**Try it**
The answer is the full listing restated exactly, without any pictures.

**Supplied material**
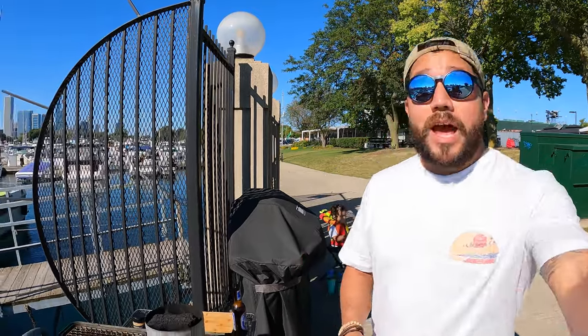Hello everyone, thank you so much for clicking on my video. Today we are going to be taking a deeper look at the Nomad charcoal grill. My last video was more of a showcase — today I actually want to talk about the good stuff and the bad stuff. We're also going to be cooking a steak, so we're going to be prepping that pretty soon.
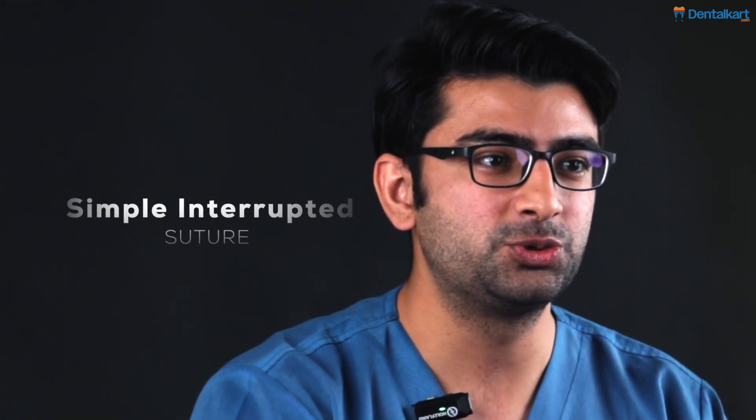Hi everyone, I'm Dr. Uday Sabarwal and in this video series we will be talking about suturing. Let's talk about how a simple interrupted suture is done in a clinical based application.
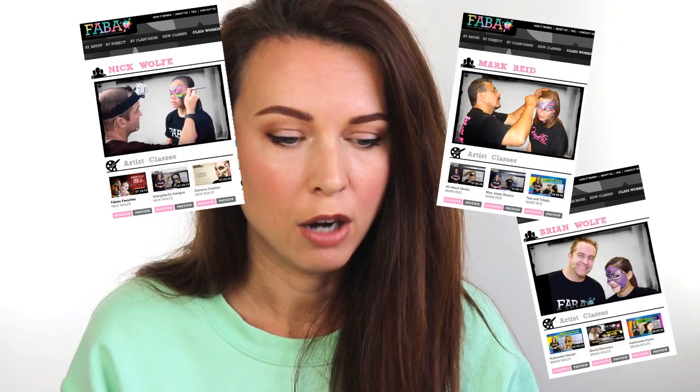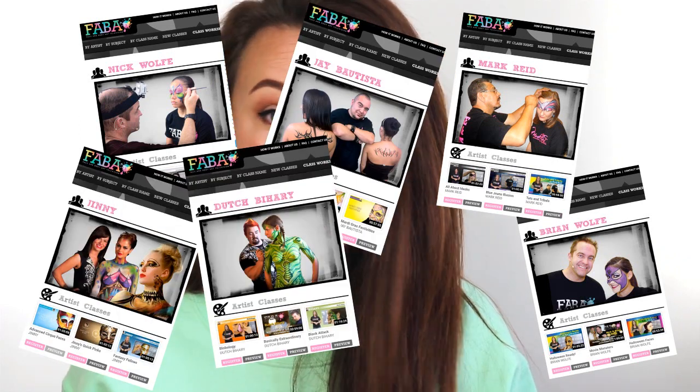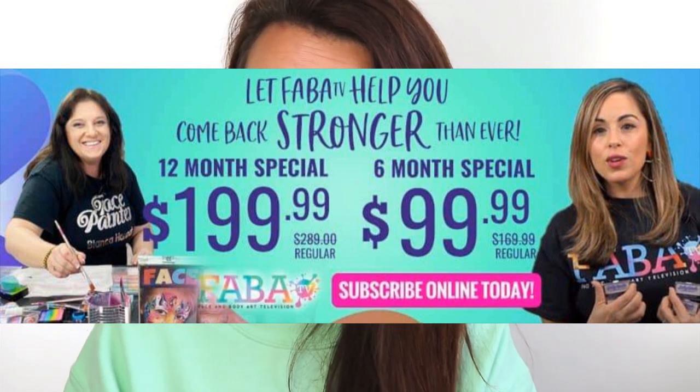You've got Nick and Brian Wolfe, Mark Reed, there's Ginny, there's Jay, there's Dutch, there's Matteo — classes by all these artists that you look up to and aspire to be like. It's incredible. I actually went on there this morning and they do have a deal on at the moment. By the way, this isn't sponsored, I'm not getting paid to talk about FaberTV — I'm just talking about it because I'm on there now. You can buy subscriptions monthly, six-monthly, and yearly.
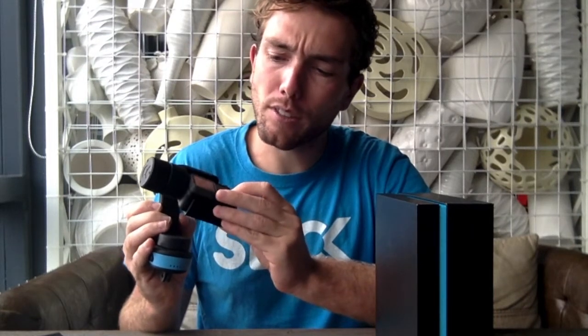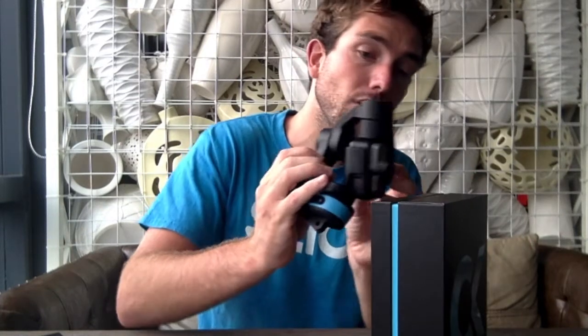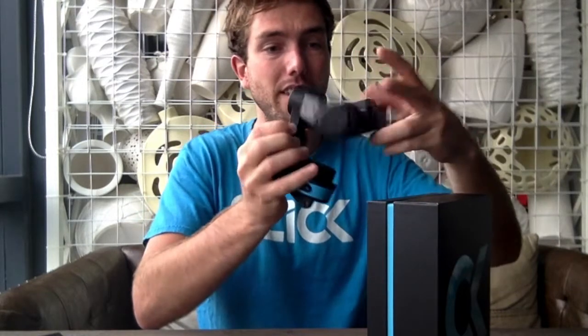The goal here is to use all the sides of the lens — whether it's a GoPro 5 or any GoPro — and put each face on top of the box: like this, like this, like this, and so on for all six orientations.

**Your solution**
Hello everyone, thank you so much for clicking on my video. Today we are going to be taking a deeper look at the Nomad charcoal grill. My last video was more of a showcase — today I actually want to talk about the good stuff and the bad stuff. We're also going to be cooking a steak, so we're going to be prepping that pretty soon.
Hi everyone, I'm Dr. Uday Sabarwal and in this video series we will be talking about suturing. Let's talk about how a simple interrupted suture is done in a clinical based application.
You've got Nick and Brian Wolfe, Mark Reed, there's Ginny, there's Jay, there's Dutch, there's Matteo — classes by all these artists that you look up to and aspire to be like. It's incredible. I actually went on there this morning and they do have a deal on at the moment. By the way, this isn't sponsored, I'm not getting paid to talk about FaberTV — I'm just talking about it because I'm on there now. You can buy subscriptions monthly, six-monthly, and yearly.
The goal here is to use all the sides of the lens — whether it's a GoPro 5 or any GoPro — and put each face on top of the box: like this, like this, like this, and so on for all six orientations.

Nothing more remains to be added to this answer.